#### Required work
What is needed here is every line of the records that includes "para".

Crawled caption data
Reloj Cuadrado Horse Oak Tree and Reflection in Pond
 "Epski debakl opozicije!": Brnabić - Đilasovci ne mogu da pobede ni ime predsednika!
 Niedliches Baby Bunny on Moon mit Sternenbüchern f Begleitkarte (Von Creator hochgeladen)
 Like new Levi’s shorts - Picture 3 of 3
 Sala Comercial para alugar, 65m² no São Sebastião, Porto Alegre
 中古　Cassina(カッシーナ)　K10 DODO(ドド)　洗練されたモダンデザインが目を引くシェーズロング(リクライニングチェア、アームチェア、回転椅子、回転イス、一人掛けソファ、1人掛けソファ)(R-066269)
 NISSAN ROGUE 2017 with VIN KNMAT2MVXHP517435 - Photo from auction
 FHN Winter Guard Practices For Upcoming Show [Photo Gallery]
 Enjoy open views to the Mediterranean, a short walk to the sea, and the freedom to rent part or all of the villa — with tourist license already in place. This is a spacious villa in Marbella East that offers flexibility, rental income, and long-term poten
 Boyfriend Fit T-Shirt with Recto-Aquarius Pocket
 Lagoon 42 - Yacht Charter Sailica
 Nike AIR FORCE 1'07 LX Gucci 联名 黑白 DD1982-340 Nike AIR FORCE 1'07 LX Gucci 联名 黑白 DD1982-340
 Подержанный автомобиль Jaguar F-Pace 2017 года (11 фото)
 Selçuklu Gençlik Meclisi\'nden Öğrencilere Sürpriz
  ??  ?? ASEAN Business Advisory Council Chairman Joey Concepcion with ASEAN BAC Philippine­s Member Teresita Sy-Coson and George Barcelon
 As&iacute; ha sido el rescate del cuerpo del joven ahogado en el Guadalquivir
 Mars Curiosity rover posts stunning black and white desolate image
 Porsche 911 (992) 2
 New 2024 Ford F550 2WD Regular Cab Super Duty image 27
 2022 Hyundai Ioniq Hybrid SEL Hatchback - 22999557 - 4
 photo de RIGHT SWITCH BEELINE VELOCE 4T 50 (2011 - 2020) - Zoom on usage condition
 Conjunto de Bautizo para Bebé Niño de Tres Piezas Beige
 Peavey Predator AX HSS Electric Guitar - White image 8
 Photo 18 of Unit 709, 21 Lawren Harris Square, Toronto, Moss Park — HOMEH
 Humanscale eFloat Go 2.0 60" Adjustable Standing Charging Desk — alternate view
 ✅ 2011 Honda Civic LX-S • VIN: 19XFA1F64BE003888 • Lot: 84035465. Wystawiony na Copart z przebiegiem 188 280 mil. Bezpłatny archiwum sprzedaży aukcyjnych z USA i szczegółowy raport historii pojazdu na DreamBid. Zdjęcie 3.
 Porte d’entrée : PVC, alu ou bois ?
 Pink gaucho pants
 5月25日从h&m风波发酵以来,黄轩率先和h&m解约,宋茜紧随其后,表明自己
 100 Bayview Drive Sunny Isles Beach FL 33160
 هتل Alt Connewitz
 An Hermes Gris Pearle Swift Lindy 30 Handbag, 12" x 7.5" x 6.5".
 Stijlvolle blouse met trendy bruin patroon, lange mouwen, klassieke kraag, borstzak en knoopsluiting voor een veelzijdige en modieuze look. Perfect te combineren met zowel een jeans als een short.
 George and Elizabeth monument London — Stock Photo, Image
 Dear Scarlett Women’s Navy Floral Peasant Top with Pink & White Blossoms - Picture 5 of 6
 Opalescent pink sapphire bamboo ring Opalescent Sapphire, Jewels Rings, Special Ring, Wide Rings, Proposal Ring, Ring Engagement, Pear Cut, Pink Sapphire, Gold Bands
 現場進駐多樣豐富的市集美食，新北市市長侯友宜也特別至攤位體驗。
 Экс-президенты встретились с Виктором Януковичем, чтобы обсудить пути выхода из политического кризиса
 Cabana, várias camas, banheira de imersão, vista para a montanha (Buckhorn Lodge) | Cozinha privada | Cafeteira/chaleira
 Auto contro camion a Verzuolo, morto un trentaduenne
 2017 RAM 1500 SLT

#### Worked solution
 Sala Comercial para alugar, 65m² no São Sebastião, Porto Alegre
 Conjunto de Bautizo para Bebé Niño de Tres Piezas Beige
 Cabana, várias camas, banheira de imersão, vista para a montanha (Buckhorn Lodge) | Cozinha privada | Cafeteira/chaleira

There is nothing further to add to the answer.